We discovered these issues as part of our routine manufacturer quality review and reported our findings to U.S. FDA. As a precautionary measure and in cooperation with the FDA, we are voluntarily recalling all Auvi Q currently in the market.
Will patients have to pay for their replacement medication?
Initially, patients will need to pay for their replacement device. Sanofi US will reimburse patients for the full out of pocket cost when they receive a new epinephrine auto injector.
What should a patient do if the Auvi Q product they have fails to work?
Please immediately call 911 or local medical emergency services for emergency medical attention. Any adverse event that may be related to the use of this product should be reported either to Sanofi US or to FDA’s MedWatch Program.
Do you expect to ultimately reintroduce this product in the U.S.? If so, when?
Our focus right now is on patient safety and resolving the issues. Once our investigation is complete and we have corrected any related issues, we will announce our future plans at a later date.
In our conversation this morning with a Sanofi representative, they stressed what I stress: patient safety is paramount. In the event of a reaction, use what you have and call 911. Some epinephrine is better than no epinephrine as you seek to replace Auvi-Q with EpiPen® or Adrenaclick®. The Sanofi representative says that all precautions are the same as those of an anaphylaxis plan, but must be observed with extra vigilance—avoidance, prompt administration of the available medicine, and contact emergency medical services.
This last recommendation is very important. Studies have shown that many families omit this step after epinephrine has stabilized the patient. As to the admonition that some epi is better than no epi, I would go a bit further than the company and say that if you have an injector that is shortly past its expiration date but has been stored properly, use it.
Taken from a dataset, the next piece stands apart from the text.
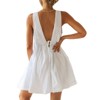 Women's V - Neck Drawstring Mini Dress Front & Back Tie Flowy Asymmetrical Short Dress - 3 of 4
And again, call 911.
Adverse reactions or quality problems experienced with the use of this product may be reported to the FDA’s MedWatch Adverse Event Reporting program either online, by regular mail or by fax.
• Complete and submit the report Online: www.fda.gov/medwatch/report.htm
• Regular Mail or Fax: Download form www.fda.gov/MedWatch/getforms.htm or call 1 800 332 1088 to request a reporting form, then complete and return to the address on the pre addressed form, or submit by fax to 1 800 FDA 0178
Afternoon update from Sanofi email:
1) The Sanofi US voluntary recall includes ALL Auvi-Q® (epinephrine injection, USP) devices currently in the market.
2) Periodically callers were experiencing difficulty getting through (866-726-6340), so a second line has been added (877-319-8963).